The CEO of the American Jewish Committee, David Harris, has also condemned the prime minister’s move.

“The Kotel (Western Wall) belongs to all Jews worldwide, not to a self-appointed segment,” said Harris. “This decision is a setback for Jewish unity and the essential ties that bind Israel and American Jews, the two largest centers of Jewish life in the world.”

As I pack my bags, let me stop and reflect for a few moments.

First: A tiyul (tour) of Bibi’s brain

I am going to speculate on what is going on in the collective minds and souls of Bibi’s government. It is not only cynical political self-preservation. It is not only the willful surrender of the definition of Jewish spiritual identity to the ultra-Orthodox.

What is going on here cannot be separated from other trends in Jewish life and demographics. Bibi Netanyahu and Naphtali Bennett, leader of Israel’s right-wing Jewish Home party, can read the findings of Jewish sociologists as well as we can.


To quote sociologist Steven Cohen:

The overall American Jewish population size is stable and growing, but its character is shifting dramatically. The Orthodox population (Haredi, centrist, and modern) is exploding. The non-Orthodox are in sharp decline. …

(T)he Orthodox “market share” has been soaring. Among the oldest generation, they’re 5 percent of all Jews. Among the middle generation, they rise to 15 percent. And among children, the Orthodox are home to 27 percent of the total. Within two generations, the Orthodox fraction of the Jewish population has more than quintupled. And it continues to grow.

And for the non-Orthodox?

Again, Cohen:

These trends mean diminished numbers of non-Orthodox who participate in Jewish life. One reason is that, among the non-Orthodox, the 28-45 year olds are fewer than the 56-73 year olds. Another factor is their lower Jewish participation rates. …

Among non-Orthodox Jews aged 28-45, just 204,000 are congregants vs. 461,000 among those aged 56-73. For Jewish organization members: 130,000 vs. 252,000. Or take the number who say they’re very emotionally attached to Israel: 198,000 vs. 466,000 among the older Jews. So it goes for measure after measure.

Gulp.

Bibi and his government know on which side their collective challah is buttered. They must believe that they can write off the non-Orthodox because, quite simply, they are not reproducing themselves.

Second: You don’t call, you don’t write

Several years ago, the American Jewish Committee sponsored a survey of American Jewish travel patterns to Israel.

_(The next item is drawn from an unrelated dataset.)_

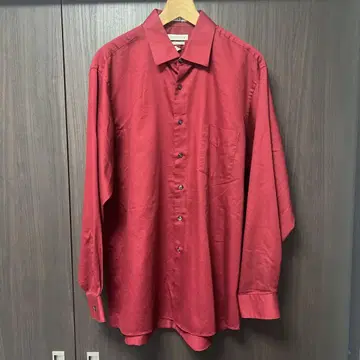 [ 구제 의류 ] VAN HEUSEN 새틴 셔츠 레드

The survey found that 59 percent of the 1,074 Jews surveyed have never been to Israel.

And, who goes to Israel?

More than 80 percent of Orthodox Jews have visited Israel. That compares to 54 percent of Conservative Jews, 36 percent of Reform Jews and 22 percent of those who identify themselves as “Just Jewish.”

I wonder if Bibi senses that it’s the Orthodox that seem to care most about Israel.

And therefore, he is willing to write everyone else off.

An El Al Boeing 777 aircraft at Ben Gurion International Airport near Tel Aviv, Israel, on July 14, 2015. Photo courtesy of Reuters/Nir Elias

Third: This could not have happened at a worse time

So, here is what happened in Chicago, as related by Daniel Politi in Slate:


Three people carrying Jewish Pride flags were asked to leave the Chicago Dyke March on Saturday in part because they “repeatedly expressed support for Zionism.” One member of the Dyke March collective said those carrying the rainbow flag with a Star of David in the middle were told to leave because the flags “made people feel unsafe,” adding that the march was “anti-Zionist” and “pro-Palestinian.”

Lovers of Israel increasingly face the (false, externally imposed) choice between Zionism and liberal ideals. At a time when Israel should be affirming pluralism, helping young Jews in their intellectual defense of the Jewish state, it has just made it more difficult for them to do so.

Fourth: ‘Af al pi chen’ as we say in Hebrew — nevertheless . . . 

I am angry over the failure of the Kotel compromise. The actions of this Israeli government, and past Israeli governments, frustrate me.

But, I do not let these frustrations dampen my enthusiasm for Israel, and for the Zionist dream.

No more than I would allow my deep frustrations and pain over the Trump administration to dampen my love for America.

I love Israel, far more than I dislike those who would curtain the rights of my fellow Jews.

And so, I prepare to get on that plane on Thursday, my enthusiasm for Israel is unshaken.


And my support for the work of Hiddush, run by my friend Rabbi Uri Regev to advocate for religious equality in Israel, is even stronger.

The question is: What are my fellow non-Orthodox Jews prepared to do about this latest betrayal? What actions will we take? How will we make our voices matter?

And how will we do so in a way that does not further fray the fragile threads that bind so many to the living reality of Israel?